Did you know that the term Ginger Root is a misnomer? Ginger is actually a rhizome that resembles a root. Many recipes call for fresh ginger root, but to me, even though it is incorrect, it sounds more friendly than fresh ginger rhizome! Whether you call it fresh ginger or ginger root, this pungent spice gives a distinct flavor to many dishes. It is used extensively in Asian cooking; in fact, it originated in China and then spread to other Asian countries over hundreds of years.
Ginger goes especially well with fruit, so I use it in dressings for fruit salads and I also like to use it in fruit punches like this Tropical Paradise Punch which is a favorite at barbecues and picnics. This punch is also perfect to serve at your next Hawaiian Luau. If you're ambitious and have time, garnish glasses of this delicious punch with paper umbrellas and slices of fresh pineapple. Actually this picture is of my grandson, Jake drinking Tropical Ginger Paradise Punch at his Birthday Luau.
Since this punch is always very popular, I would recommend doubling the recipe; it doesn't take any more time to make a double batch, and then you'll have plenty for seconds.

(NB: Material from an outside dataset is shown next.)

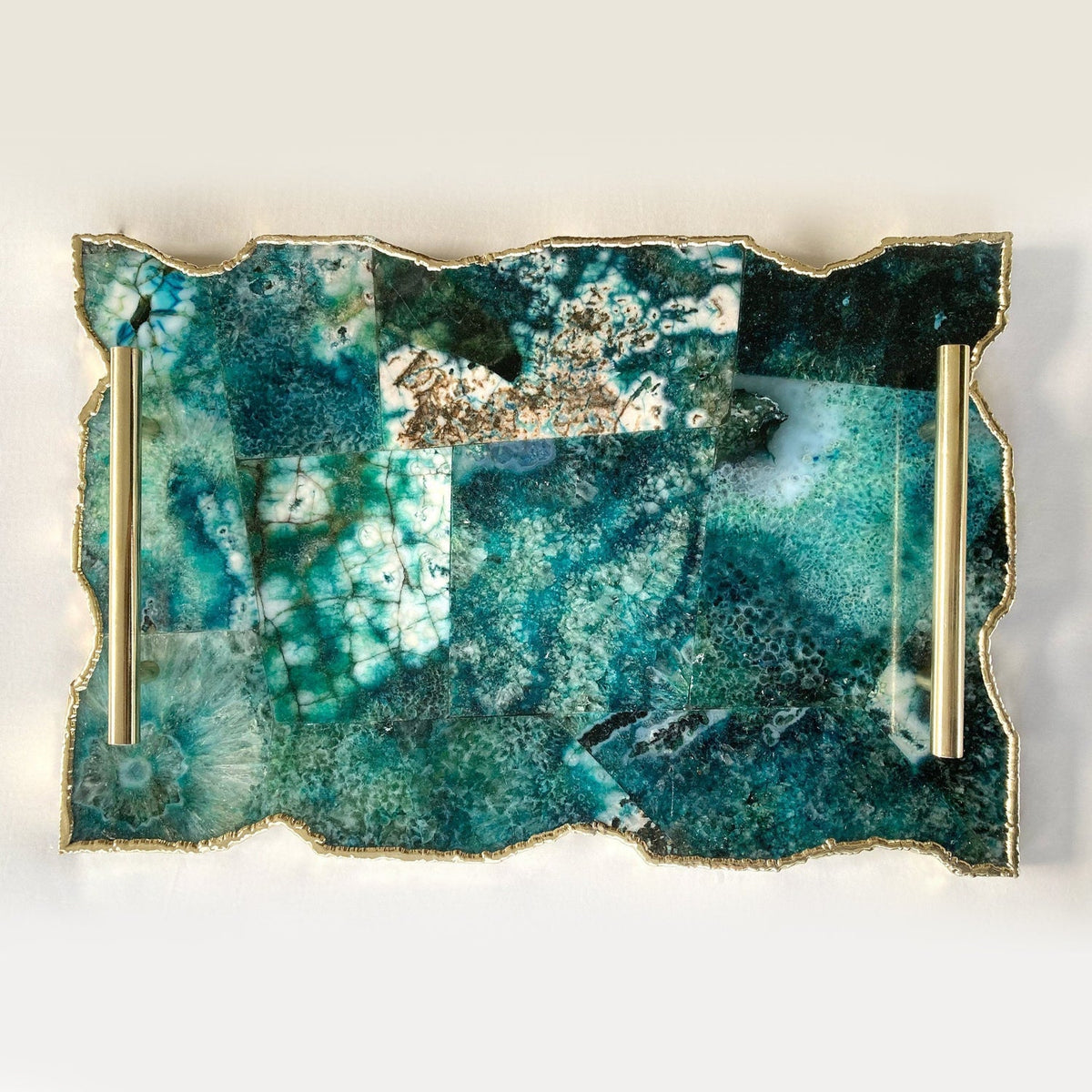 Large Composite Green Agate Serving Tray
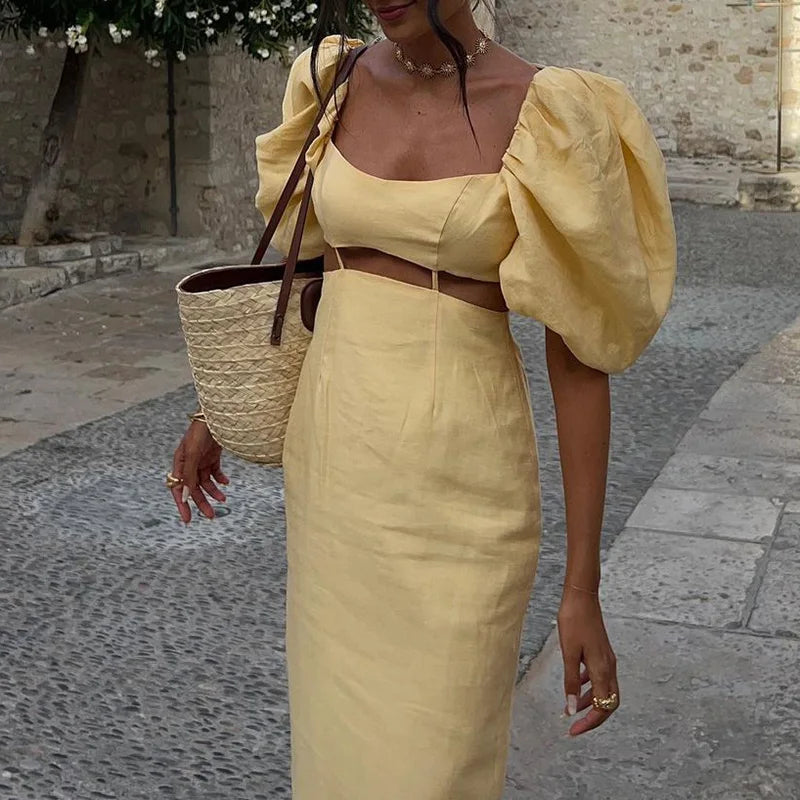 2025 Women High Waist Puff Sleeve Square Collar Dress Elegant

Tropical Ginger Paradise Punch
2 tablespoons peeled and finely chopped fresh ginger
3 cups water
1 3/4 cups sugar
4 cups water
1 1/2 cups guava juice
2 1/4 cups pineapple juice
1/2 cup lemon juice
2 tablespoons fresh mint leaves
Boil the chopped fresh ginger with the 3 cups of water for about 20 minutes; turn off the heat and let cool to room temperature. When the mixture has cooled, pour through a strainer, pressing on the ginger to get all of the ginger juice.
Mix the sugar and remaining four cups of water; bring to a boil; turn down to a simmer and cook about 10 minutes or until the sugar is thoroughly dissolved.
Mix the ginger water and the sugar syrup. You may prepare the punch to this step up to one week ahead.
When you're ready to serve the punch, pour the ginger/sugar mixture into a punchbowl half filled with ice; stir in the guava, pineapple, and lemon juices. Taste to see if it's too strong; if it is, add more ice or dilute with water. Garnish with mint leaves.